I am most pleased with the work we do in the community and the connections we maintain with former residents. The community work has changed over the years, and is important to the people we serve. It started when I was doing a domestic violence support group at Latinas y Ninos, a substance abuse program for women and children. I lead groups there and people were very engaged and connected. Then, under former Renewal House Director Parisa Parsa, we started Sisters Together Offering Peace (STOP) and many of the women from Latinas y Ninos came to that group as well.
Working in the community is difficult and important work. Difficult because most often the people who participate have little or no resource and often are still in the abusive relationship. And important because so many services have been cut over the years -- and without, us these folks would have no one.
For the last six months I have been offering “office hours” at the UU Urban Ministry’s program and office space at First Church in Roxbury for community residents in need. I provide assistance to those seeking support around homelessness, domestic violence, legal issues and a wide variety of other things. We have publicized this new service with our community partners, and have had a good response.
Another recent outreach effort for both shelter residents and community members is our new ESL class, launched in collaboration with some of our volunteers. This will add to the “traffic” in the UU Urban Ministry and increase our ability to connect with more people.
In addition, our Harvard Divinity School intern, Juliana dos Santos, is leading a yoga group on Wednesdays at the UU Urban Ministry for shelter residents and community members. Yoga provides good exercise and has proven to be helpful in the work of healing.
Renewal House began the practice of working with former residents when I noticed that the residents leaving our program were so sad. Often, we had become their community and they felt that moving on meant they were losing us. I spoke with then-Director Joyce King, who said I was welcome to continue working with former guests if I so desired – so I did. We added a section on the exit interview about ongoing follow-up and asked residents to let us know if they wanted to continue to work with us.
The connection with former residents has been wonderful. For Renewal House staff members, who encounter our guests at the lowest point in their lives, the opportunity to support them beyond their time in shelter provides a reassuring window into post-shelter life -- life does move on, and healing and wholeness can happen. Of course, not all of the people we work with are free of struggle and difficulty, but they do know that they can call on us for resources and support. These days, we have several gatherings throughout the year for current and former residents. Some gatherings are simply social engagements, and some provide education/enrichment for adults and children. It’s a chance for families and individuals to be around others who share their experience of abuse. They learn and gain support from one another.
I was raised Catholic. At times, I have been unhappy with the church and stopped participating.

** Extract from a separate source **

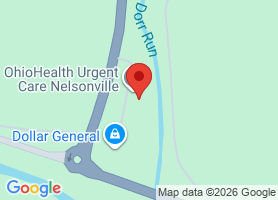 provider location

However, I feel as though my faith has driven me throughout my life to do good to those I meet. I believe the church is in me and I take it wherever I go. This is another reason I love working at Renewal House. The opportunity to talk with the residents about their own faith and how it can serve as a resource in their lives is very meaningful to me. Many of the people we serve come to us with nothing. Their abusers have taken everything away from them – except their faith. The opportunity for these folks to see this resource and build on it in a community of support is immensely helpful. We occasionally have residents who are resistant to the faith component in our program. We simply let them know that it is a resource for them to use in whatever way is most helpful to them.
And that is the beauty of the Unitarian Universalist faith – it is inclusive, open to exploration and accepting of all faith traditions. Working in a program that values spirituality is so important to me and, more importantly, to our guests. Furthermore, the ongoing support of Unitarian Universalist congregations helps us make even more of a difference.
From our Holiday party sponsored by First Parish in Kingston, to the prayer shawls from Follen Church, to all the UU individuals who respond to our pleas for Halloween costumes, event tickets, or baby shower items, we try to offer our guests much more than mere shelter. All of these “extras” make Renewal House a program that truly is about renewal for those who come in our doors.